A white supremacist who shot three non-Jews dead outside a Jewish center in Kansas City last year while attempting to carry out a killing spree against Jews is facing the death penalty after being found guilty of capital murder by a jury.
Frazier Glenn Miller, 74, a veteran who founded the White Patriot Party in North Carolina, never denied the killings but argued they were necessary to stop what he called "the genocide of white people."
The jury listened to days of rambling evidence by Miller, who was defending himself after firing his lawyers back in May, but took just two hours to return a guilty verdict.

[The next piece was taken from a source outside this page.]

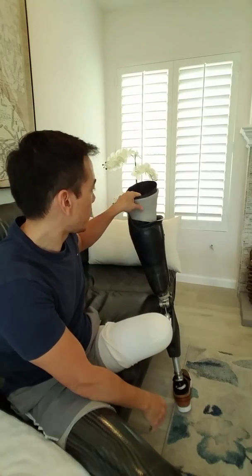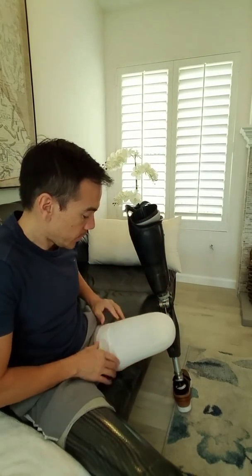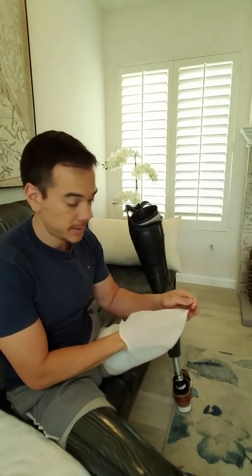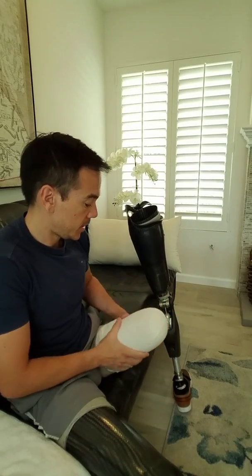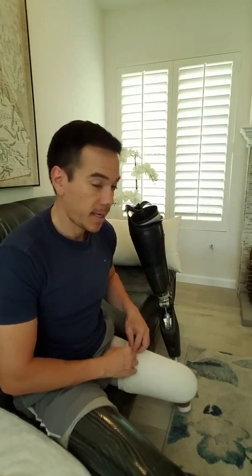And then I remove the inner cuff. I'm wearing three-ply worth of one-ply sock right now. What I like about this system is it allows for volume changes and fluctuations throughout the day or throughout your health. If I gain weight, I can take off a sock; if I lose weight, I can add socks.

After the verdict was announced, Miller said: "The fat lady just sang" and he raised his right arm in the Nazi salute. As jurors were filing out of the courtroom later, he shouted at them: "You probably won't sleep tonight." The judge reminded the defendant that the same jury will decide his sentence. The sentencing proceedings were expected to begin on Tuesday.
On the eve of Passover eve last year, Miller drove to the Jewish Community Center of Greater Kansas City in Overland Park before opening fire. He killed William Corporon, 69, his 14-year-old grandson, Reat Griffin Underwood, and Terri LaManno, 53, in two separate attacks before being arrested by police.
During the trial, when the prosecutor alleged that Miller had intended to kill as many people as possible, Miller interjected: "I wanted to kill Jews, not people."
A career in racism
Miller was present as a member the National Socialist Party of America during the Greensboro massacre in November 1979. He was discharged from the US Army in 1979 for distributing racist propaganda.
In 1980, Miller founded the Carolina Knights of the Ku Klux Klan, a local chapter, which later developed into the White Patriot Party (WPP). He was the leader and principal spokesman for the organization until his arrest in 1987, after which the group dissolved. The WPP was avowedly pro-Apartheid, and openly advocated the establishment of an all-white nation in the territory of the American South.
During his time as leader of the WPP, Miller unsuccessfully sought the Democratic Party's nomination for governor of North Carolina in 1984, and the Republican Party's nomination for a seat in the North Carolina Senate in 1986.